I do have favorite stuff though, and this is a wee snapshot of some of that stuff; my carefully curated cookbook collection. (Carefully curated; not necessarily carefully arranged. Or even frequently dusted if I'm honest.)
My love of cookbooks started early. My grandmother had a hutch in the kitchen that held, among other things, a large Williamsburg Cookbook of fancy colonial dinners one ostensibly whipped up over an open fire in pots suspended on iron hooks while defeating the British and banging out some tallow candles, a fabulously illustrated Southern Living cookbook full of recipes featuring peaches and pecans that I'm fairly certain we never tried, and the frequently used Philadelphia Orchestra Cookbook, a wildly successful fundraiser that yielded the most popular family recipe ever in the history of anything, a stuffing, boneless chicken, and gravy casserole that we came to refer to as simply 'Orchestra Chicken'. When I finally got my hands on my own copy of the cookbook, anxious to see what other history making recipes could be found within, I was a little frightened by 'zingy tomato aspic' and 'duck blood soup'. I'm still perusing this one, certain to find delicacies that don't involve quivering vegetable jello or the blood of any waterbirds.
I have favorites. Some of my cookbooks are vintage, and even better, some are used, and have come with all sorts of treasures pressed in the pages. 'The American Woman's Cook Book', published in 1940 with a very patriotic eagle on the cover, came with two; a handwritten recipe in perfect Palmer method on newsprint-thin lined paper for 'frankfurters with sauerkraut' and a round fold-out set of directions for a rubber bushing model Cory glass vacuum coffeepot. (Once the height of convenience, this sort of coffee pot is now being sold by coffee 'geeks and purists'...if you are chasing the rush of a freshly roasted and carefully brewed caffeine buzz you can check in with these folks, arguably gurus of fussy coffee goodness.)
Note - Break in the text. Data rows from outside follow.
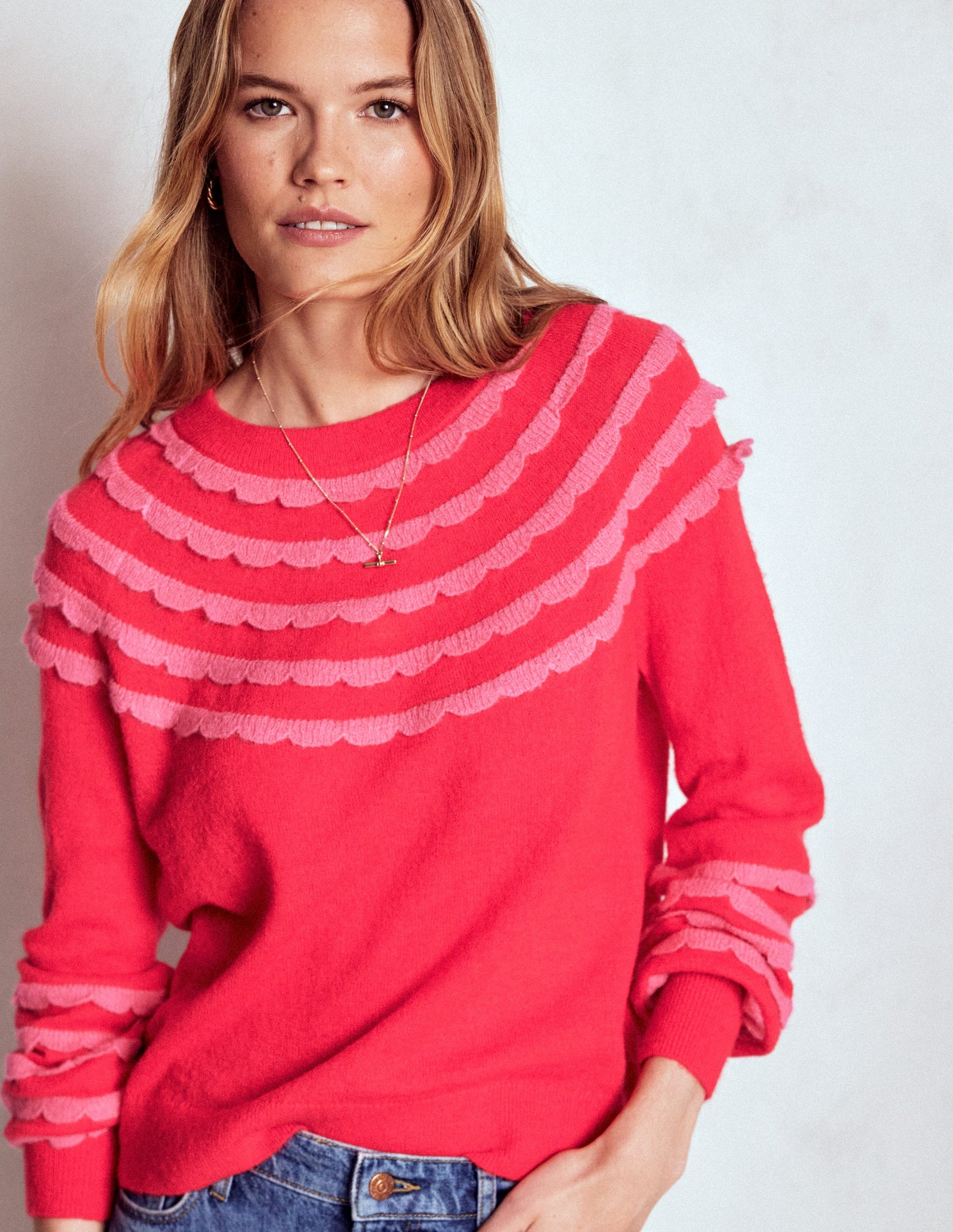 Alice Fluffy Raglan Jumper-Poppy Red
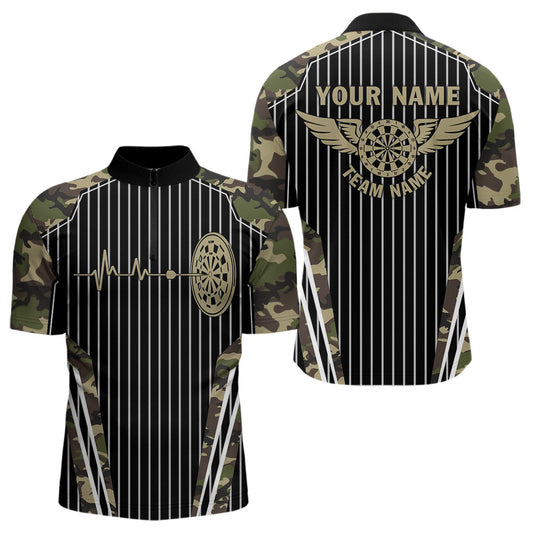 Individuelles Grüne Camo Dartboard Puls Herzschlag Viertelreißverschluss Herren Shirt, Lustige Wings Dart Trikot TDM3619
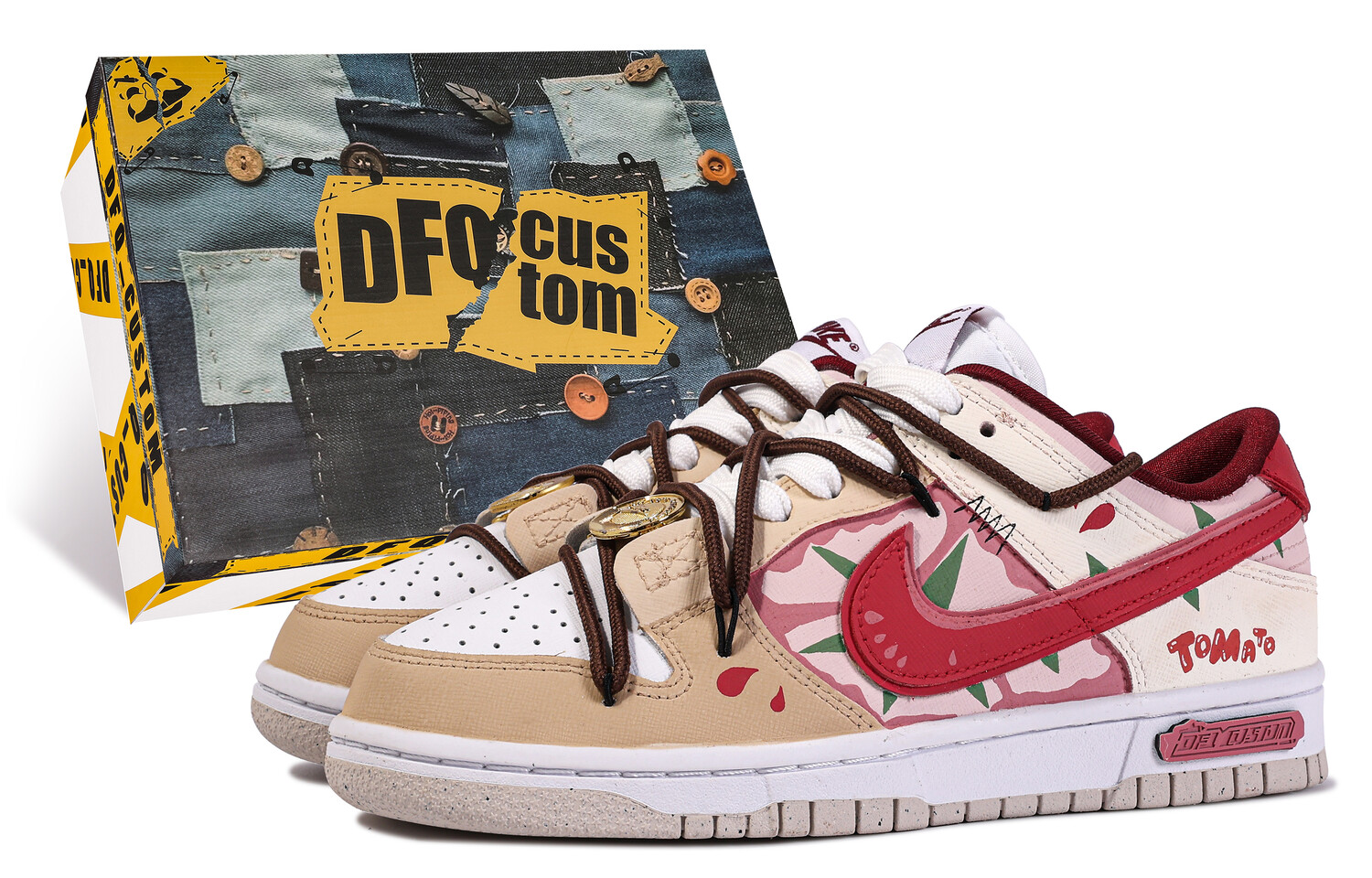 

Кроссовки Nike Dunk Skateboard Shoes Women's Low-Top Yellow/Red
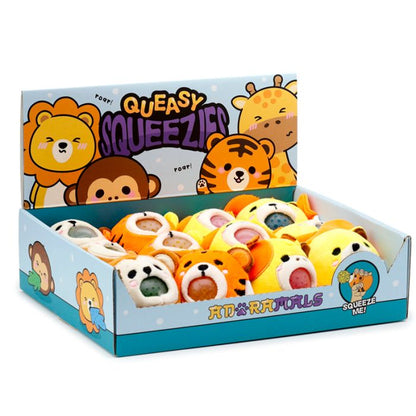 Queasy Squeezies Adoramals Jelly Plush  Lion, Giraffe, Monkey, Tiger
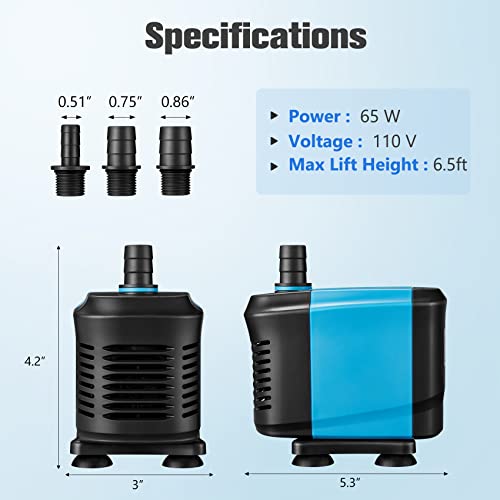 Kedsum 770Gph Submersible Pump(3500L/H, 65W), Ultra Quiet Water Pump With 6.5Ft High Lift, Aquarium Pump With 6.5Ft Power Cord, 3 Nozzles For Fish Tank, Pond, Aquarium, Statuary, Hydroponics #TOP1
My favorite vintage cookbooks reflect the zeitgeist of their decade in both instruction and admonition. 'The Vegetarian Epicure' by Anna Thomas, a vegetarian cookbook from the days when being a vegetarian was more fun and involved artisanal cheese by the pound, has a section for 'the two-hours later course' of after-dinner snacks, which is explained thus:
This two-hours later course is especially recommended if grass is smoked socially at your house. If you have passed a joint around before dinner to sharpen gustatory perceptions, you most likely will pass another one after dinner, and everyone knows what that will do-- the blind munchies can strike at any time.I hasten to add that this particular cookbook did NOT come with anything fun stuck in the pages.
One of the things I want to write about is cooking. I'm certainly not proposing some kind of Julie and Julia endeavor-- for one thing its been done and for another I'm not eating kidneys and scouring the Pennsylvania countryside for marrowbones. What I will do is meander through my dusty little shelf of cooking wisdom, throw some stuff in the oven, and see what happens. Food is celebration. Food is memory. Food is an understood language. Even in my mismatched, secondhand kitchen these recipes can sing.